Obviously my time is limited but I will not neglect to deliver this very important message as it relates to me and will more than likely relate to you... how you view, respond, react, approach and embrace life is based on your the perspective you CHOOSE to view it from. Once you recognize that your 'lens' is dirty, CLEAN IT. Turn your pessimism into optimism in one quick swipe. Easier said than done, I know, ESPECIALLY when there is YEARS of grime on there. Let the Word be your Windex. I had to pray for change when I was driving through that storm. My clarity was finally figuring out how the defroster works. You'll never find clarity if you're satisfied in the storm. Insanity is doing the same thing over and over and expecting different results.

Let me break it down further. At the beginning of my marriage, things were chaotic. We were newlyweds, just had twins and just bought a new house. STRESS. So, my husband and I would really get into it from time to time because I had a perspective of blame, disrespect, disobedience and unruliness. I didn't know better so I couldn't do better. But I figured, everything was his fault. Until I was watching Pastor Joel Osteen one day and God fixed my business. I will make a long story short, I had to learn to submit to God and my husband to enjoy a peaceful, respectful, functioning, loving marriage. Now, for those of you who are married, seeking marriage, in a relationship, engaged or divorced, listen to me very closely... you will never have the marriage or relationship you want until you get rid of the dirty and grimy mentality you have observed, learned or have been taught.

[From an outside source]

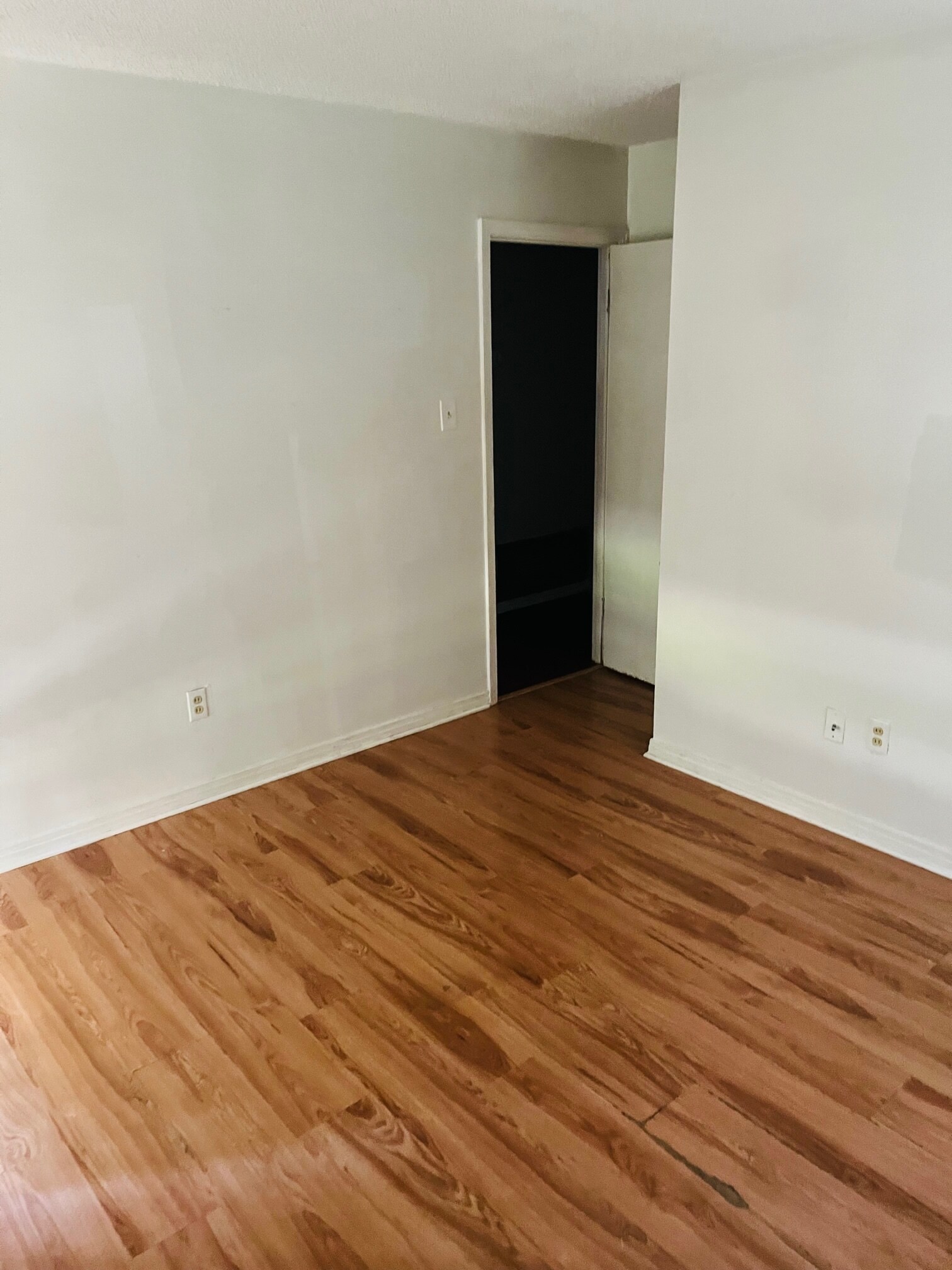 Building Photo - 1365 Middle Ring Rd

Your boyfriend/husband is not your saviour. His purpose is not to fix you or your life. His purpose is to lead. Your boyfriend/husband can not lead in a place of chaos and confusion. He is the head and NO HEAD can function in disorder. Your job is to be a peace maker, create order, be obedient and be submissive. The world (and your mother, aunty, cousins and friends) will have you think that that means he will take advantage of you, use you, abuse you and rule you. And to be totally honest, IF that happens, it won't be because you're doing something wrong, it'll be because you PICKED UP something wrong. In reality, following God's order creates harmony instead of war and function instead of dysfunction.

Being submissive and obedient to God and your significant other will more than likely go against every grain of sense and independence you have in your body. I know because I felt like I was going to explode and implode, all at the same time, when I started this process. But I can GUARANTEE that it works. As long as your willing to check yourself at the door. Submission and obedience is not for the weak. It is all about self-control. So next time you want to give someone the silent treatment, complain, nag or step out because your man isn't being who YOU think he should be... take a look in the mirror because he is a reflection of you. How can your man treat you like a queen if he doesn't know how it feels to be treated like a king? Before you jump down my throat about that statement, really think about what I'm saying. I'm not talking about king treatment on his birthday, on your good days or on pay day... I mean EVERYDAY. Would God appreciate being loved and appreciated only once in a while?

My point is this... optimism vs. pessimism... does life suck based on your standards or because of your reality? Is your marriage failing because of you, your husband, lack of effort or lack of order? Are you single because of you or because EVERY guy out there 'has issues'? There has to be a point when you say 'hold on a second. Something is off. Its time for a change.' God put it to me this way... 'Now that you've reached rock bottom with your way... are you ready to try My Way?' Are you?

Be Blessed IN CLEANING YOUR LENS

When I was a child, I talked like a child, I thought like a child, I reasoned like a child. When I became a man, I put childish ways behind me. - 1 Corinthians 13:11


God is Love. Love is Life. Life is in The Word.